TRY IT >> What lines in the material hold the string "model"? Copy out each of them.

DATA FOR THE TASK >>
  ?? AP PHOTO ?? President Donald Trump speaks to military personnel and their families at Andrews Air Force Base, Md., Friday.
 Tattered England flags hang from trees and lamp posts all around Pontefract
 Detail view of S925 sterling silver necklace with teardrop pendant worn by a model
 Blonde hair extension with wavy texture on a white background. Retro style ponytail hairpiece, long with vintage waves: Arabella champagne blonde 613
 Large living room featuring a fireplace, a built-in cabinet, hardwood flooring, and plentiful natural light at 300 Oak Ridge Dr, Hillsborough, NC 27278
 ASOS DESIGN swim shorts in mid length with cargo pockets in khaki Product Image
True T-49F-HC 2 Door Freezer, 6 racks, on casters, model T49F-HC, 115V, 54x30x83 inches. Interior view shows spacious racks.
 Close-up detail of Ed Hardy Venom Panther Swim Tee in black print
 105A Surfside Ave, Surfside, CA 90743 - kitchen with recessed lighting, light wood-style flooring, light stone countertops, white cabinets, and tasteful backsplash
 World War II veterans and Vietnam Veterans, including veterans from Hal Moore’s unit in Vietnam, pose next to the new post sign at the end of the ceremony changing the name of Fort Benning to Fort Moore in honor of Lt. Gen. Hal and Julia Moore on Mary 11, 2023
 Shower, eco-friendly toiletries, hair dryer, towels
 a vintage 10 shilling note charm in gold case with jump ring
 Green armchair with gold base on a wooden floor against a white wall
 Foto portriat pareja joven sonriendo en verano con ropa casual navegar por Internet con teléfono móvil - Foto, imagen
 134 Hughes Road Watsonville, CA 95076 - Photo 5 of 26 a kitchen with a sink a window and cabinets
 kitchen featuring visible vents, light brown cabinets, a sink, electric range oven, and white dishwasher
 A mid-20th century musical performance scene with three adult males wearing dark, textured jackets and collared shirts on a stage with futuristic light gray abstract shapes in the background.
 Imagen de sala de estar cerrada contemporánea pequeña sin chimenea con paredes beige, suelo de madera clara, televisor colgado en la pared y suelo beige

RESPONSE FOR THIS EXERCISE >>
 Detail view of S925 sterling silver necklace with teardrop pendant worn by a model
True T-49F-HC 2 Door Freezer, 6 racks, on casters, model T49F-HC, 115V, 54x30x83 inches. Interior view shows spacious racks.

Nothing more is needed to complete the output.